Полезным оказался и стиль замечаний Тихомирова. Навсегда уроком остался его вопрос о фразе в тексте моего доклада о боярах, которые «руками и ногами» защищали свои богатства или привилегии: «Скажите, а как они это делали ногами?» Я понял, что даже в темпераментно написанном тексте недопустима подобная неряшливость. И что оказалось еще более важным для будущего педагога и руководителя научного подразделения — острая ироническая реплика подчас куда действеннее, чем морализующее поучение.
— Но началась война, и вам пришлось покинуть Москву...
— Да, жизнь наша круто изменилась. Мы попали в эвакуацию в Узбекистан, и в ноябре 1941 года — июле 1943 года я был студентом историко-филологического факультета Среднеазиатского университета в Ташкенте. Там учился достаточно интенсивно, даже стал сталинским стипендиатом. В Ташкент эвакуировали не только мамин, но и другие академические гуманитарные институты Москвы и Ленинграда. Именно там я избрал тему для будущего диплома — о главном советнике Ивана Грозного Алексее Адашеве. Этому выдающемуся современнику царя тогда не было еще посвящено специальных работ. Между тем он не просто был приближенным коронованной особы, но имел на него большое положительное влияние и вообще, судя по всему, был человеком высокообразованным и незаурядным. Увы, впоследствии царь избегал слушать чьих-либо мудрых советов, и Адашев был сослан в «почетную ссылку», где и умер. Такой интерес к жизни и оценке деятельности влиятельнейшего реформатора, лишенного власти, а затем посмертно оболганного самим властителем, объяснялся и аллюзиями на события сталинского тоталитаризма. Дипломную работу писал уже в Москве. А в июне 1949 года я защитил кандидатскую диссертацию «Правительственная деятельность А. Ф. Адашева и восточная политика Русского государства в середине XVI столетия».
— В Историко-архивном институте, который сейчас стал РГГУ, вы проработали более 60 лет. Никогда не хотелось уйти?

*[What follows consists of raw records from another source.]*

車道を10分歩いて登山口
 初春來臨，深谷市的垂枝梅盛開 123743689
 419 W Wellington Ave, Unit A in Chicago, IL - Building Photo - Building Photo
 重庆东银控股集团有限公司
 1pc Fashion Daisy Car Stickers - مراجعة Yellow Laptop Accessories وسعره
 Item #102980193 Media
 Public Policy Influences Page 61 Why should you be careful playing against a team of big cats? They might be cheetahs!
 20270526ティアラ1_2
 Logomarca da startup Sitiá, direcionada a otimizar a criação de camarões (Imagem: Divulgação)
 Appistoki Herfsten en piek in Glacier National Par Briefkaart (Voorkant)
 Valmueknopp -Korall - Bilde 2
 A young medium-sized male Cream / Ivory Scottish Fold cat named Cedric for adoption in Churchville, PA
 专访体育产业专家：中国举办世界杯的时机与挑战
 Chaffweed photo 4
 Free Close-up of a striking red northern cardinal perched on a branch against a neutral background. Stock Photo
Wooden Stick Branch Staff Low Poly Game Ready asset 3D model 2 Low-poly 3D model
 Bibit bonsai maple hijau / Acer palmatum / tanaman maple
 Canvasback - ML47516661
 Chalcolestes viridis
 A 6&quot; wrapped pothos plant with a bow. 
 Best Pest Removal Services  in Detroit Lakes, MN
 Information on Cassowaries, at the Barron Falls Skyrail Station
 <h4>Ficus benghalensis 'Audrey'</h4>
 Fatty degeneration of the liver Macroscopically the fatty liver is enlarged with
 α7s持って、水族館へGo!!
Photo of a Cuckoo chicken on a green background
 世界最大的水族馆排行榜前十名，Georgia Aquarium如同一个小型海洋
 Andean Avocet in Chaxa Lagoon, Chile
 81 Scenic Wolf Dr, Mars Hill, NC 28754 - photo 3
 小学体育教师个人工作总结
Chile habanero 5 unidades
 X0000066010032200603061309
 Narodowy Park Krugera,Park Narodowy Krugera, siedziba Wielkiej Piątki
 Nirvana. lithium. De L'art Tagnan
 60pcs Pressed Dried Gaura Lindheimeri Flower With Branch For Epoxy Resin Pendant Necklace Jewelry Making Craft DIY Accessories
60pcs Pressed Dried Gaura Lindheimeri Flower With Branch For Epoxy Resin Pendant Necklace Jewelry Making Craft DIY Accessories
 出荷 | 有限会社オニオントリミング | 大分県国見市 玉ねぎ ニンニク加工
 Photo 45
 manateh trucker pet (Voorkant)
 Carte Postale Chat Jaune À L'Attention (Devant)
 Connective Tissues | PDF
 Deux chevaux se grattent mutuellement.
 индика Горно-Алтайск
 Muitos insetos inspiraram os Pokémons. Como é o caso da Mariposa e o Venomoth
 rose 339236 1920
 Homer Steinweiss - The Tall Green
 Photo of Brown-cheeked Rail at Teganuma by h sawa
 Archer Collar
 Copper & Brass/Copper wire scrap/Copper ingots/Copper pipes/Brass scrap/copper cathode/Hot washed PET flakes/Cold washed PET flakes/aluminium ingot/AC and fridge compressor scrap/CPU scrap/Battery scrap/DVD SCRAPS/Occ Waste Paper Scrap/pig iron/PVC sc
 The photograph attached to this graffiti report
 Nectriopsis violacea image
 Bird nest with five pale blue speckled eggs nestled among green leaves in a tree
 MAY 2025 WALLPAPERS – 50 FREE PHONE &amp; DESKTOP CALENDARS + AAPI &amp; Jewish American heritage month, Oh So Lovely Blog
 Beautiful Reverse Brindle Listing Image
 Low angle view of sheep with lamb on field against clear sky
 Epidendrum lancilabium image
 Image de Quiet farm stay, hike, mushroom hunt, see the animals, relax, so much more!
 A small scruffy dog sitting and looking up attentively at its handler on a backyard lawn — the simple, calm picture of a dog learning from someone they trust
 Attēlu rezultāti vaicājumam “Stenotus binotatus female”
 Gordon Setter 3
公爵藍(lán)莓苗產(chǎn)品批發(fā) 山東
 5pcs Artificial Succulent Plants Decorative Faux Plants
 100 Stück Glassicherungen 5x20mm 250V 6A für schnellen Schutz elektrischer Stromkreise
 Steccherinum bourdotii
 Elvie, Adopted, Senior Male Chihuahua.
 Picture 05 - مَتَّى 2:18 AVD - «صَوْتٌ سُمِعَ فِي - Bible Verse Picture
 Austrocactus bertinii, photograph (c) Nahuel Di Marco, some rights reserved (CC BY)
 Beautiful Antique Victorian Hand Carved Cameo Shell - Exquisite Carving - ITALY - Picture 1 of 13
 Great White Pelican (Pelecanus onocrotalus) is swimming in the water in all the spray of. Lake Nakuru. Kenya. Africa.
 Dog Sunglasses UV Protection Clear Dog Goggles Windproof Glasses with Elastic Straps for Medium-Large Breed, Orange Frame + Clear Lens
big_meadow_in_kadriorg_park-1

— Не хотел. Историко-архивный — веха в моей жизни. Туда я попал в феврале 1949 года и не расстаюсь с ним даже после перехода на основную работу в Академию наук зимой 1956—1957 годов. Без этого вуза не мыслю своего существования. Именно здесь я обрел и совершенствовал навыки лектора и руководителя семинаров, научных работ студентов и диссертантов. Лекционный курс отечественной истории до XIX века я очень скоро стал предварять чтением вводных лекций для первокурсников — о первичных основах и о ходе истории, об источниковедении и специальных исторических дисциплинах, об историографии. Изначально ограничивал число моих дипломников, ориентируясь прежде всего на тех, в ком видел потенциальных исследователей. Они, как и настроенные на дальнейшую самостоятельную научную работу ученики некоторых других кафедр, составили костяк начавшего работу зимой 1949—1950 учебного года студенческого научного кружка источниковедения. Именно в кружке, который просуществовал полвека, формировалась та научная школа, созданием и работой которой более всего дорожу в своей деятельности. Особенно горжусь тем, что в одной из статей обо мне написано: «Создал научно-педагогическую школу в источниковедении». Согласен с утверждением, что важно оставить после себя учеников, чтобы было у кого учиться.
— Вы ведь и сегодня преподаете, пишете книги. О чем?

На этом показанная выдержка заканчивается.